**RECORDS:**
+ + + +
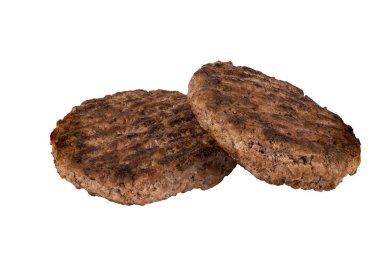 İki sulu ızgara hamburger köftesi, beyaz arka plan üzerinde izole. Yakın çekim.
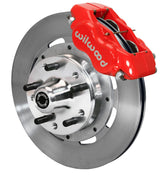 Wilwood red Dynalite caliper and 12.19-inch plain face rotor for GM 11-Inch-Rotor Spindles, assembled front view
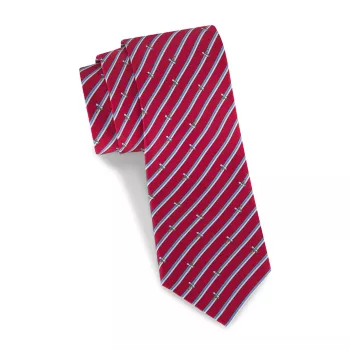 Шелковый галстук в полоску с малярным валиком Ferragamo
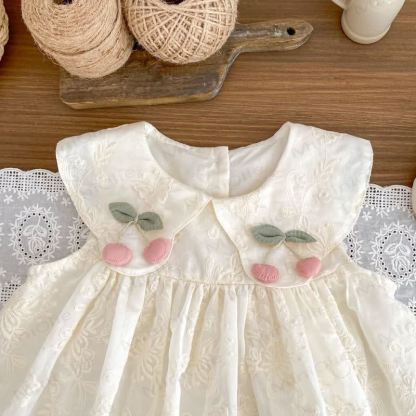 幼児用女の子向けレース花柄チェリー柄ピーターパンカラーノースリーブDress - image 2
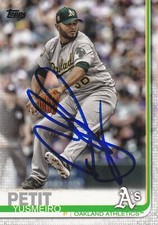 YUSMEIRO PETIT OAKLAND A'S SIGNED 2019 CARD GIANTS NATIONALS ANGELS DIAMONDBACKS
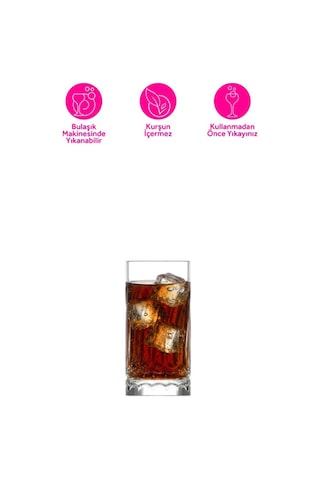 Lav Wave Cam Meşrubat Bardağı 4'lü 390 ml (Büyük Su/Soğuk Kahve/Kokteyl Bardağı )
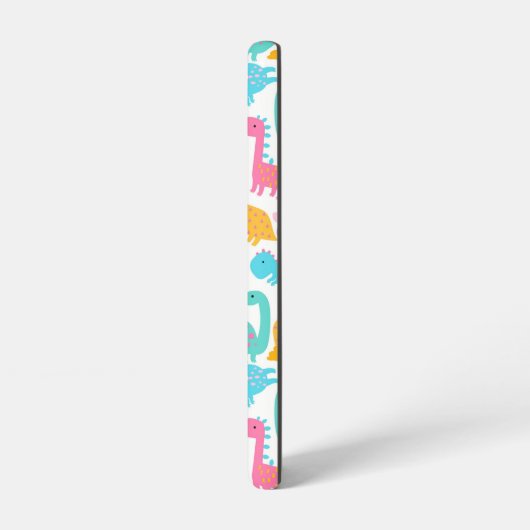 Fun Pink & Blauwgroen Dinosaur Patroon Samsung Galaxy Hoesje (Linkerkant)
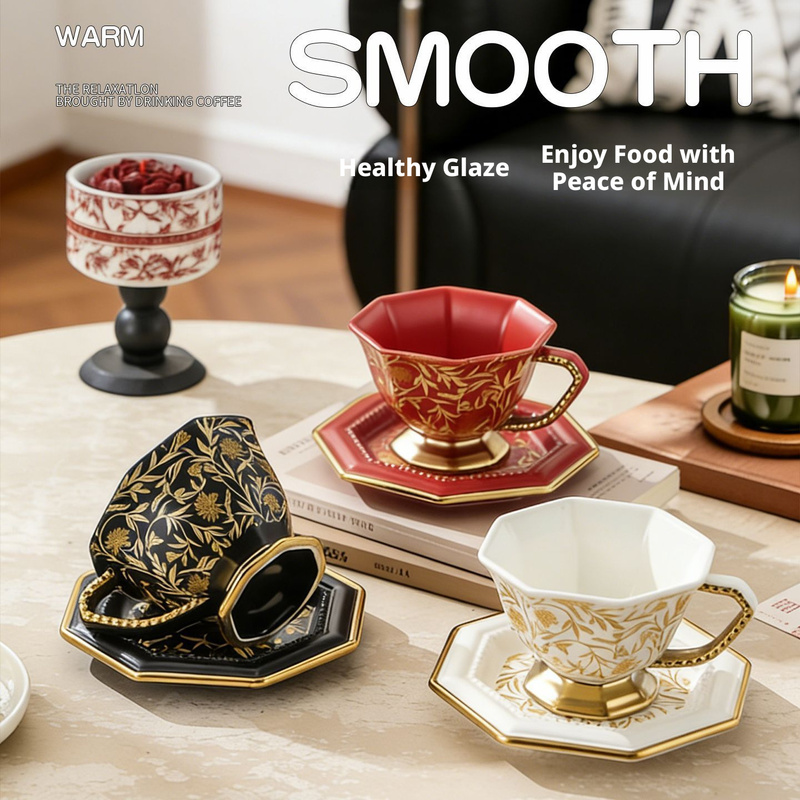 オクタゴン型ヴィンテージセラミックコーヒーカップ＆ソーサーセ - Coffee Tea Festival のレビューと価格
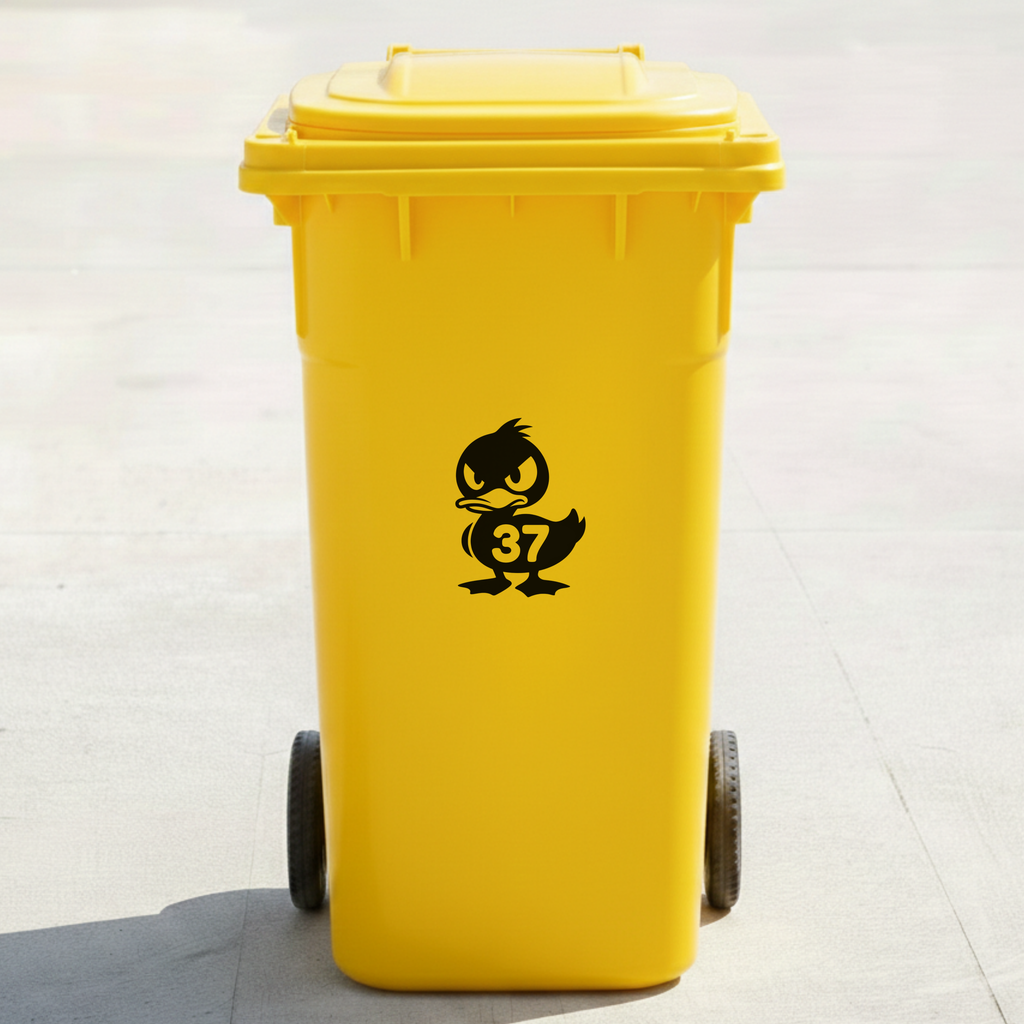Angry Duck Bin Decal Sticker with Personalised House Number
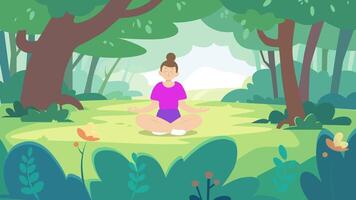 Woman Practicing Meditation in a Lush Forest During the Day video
+ + + +
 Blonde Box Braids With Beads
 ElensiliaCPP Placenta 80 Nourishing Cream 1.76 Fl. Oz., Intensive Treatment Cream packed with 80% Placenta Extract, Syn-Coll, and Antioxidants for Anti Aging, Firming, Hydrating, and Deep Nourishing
+ + + +
**AIM OF THE EXERCISE:** Above are the records. Copy word for word only their lines from the one holding "Wilwood red Dynalite" through the one holding "Woman Practicing Meditation", both included, and skip the images.

**RESPONSE TO THIS TASK:**
 Wilwood red Dynalite caliper and 12.19-inch plain face rotor for GM 11-Inch-Rotor Spindles, assembled front view
 Шелковый галстук в полоску с малярным валиком Ferragamo
 幼児用女の子向けレース花柄チェリー柄ピーターパンカラーノースリーブDress - image 2
 YUSMEIRO PETIT OAKLAND A'S SIGNED 2019 CARD GIANTS NATIONALS ANGELS DIAMONDBACKS
 Lav Wave Cam Meşrubat Bardağı 4'lü 390 ml (Büyük Su/Soğuk Kahve/Kokteyl Bardağı )
 Fun Pink & Blauwgroen Dinosaur Patroon Samsung Galaxy Hoesje (Linkerkant)
 オクタゴン型ヴィンテージセラミックコーヒーカップ＆ソーサーセ - Coffee Tea Festival のレビューと価格
Angry Duck Bin Decal Sticker with Personalised House Number
 Woman Practicing Meditation in a Lush Forest During the Day video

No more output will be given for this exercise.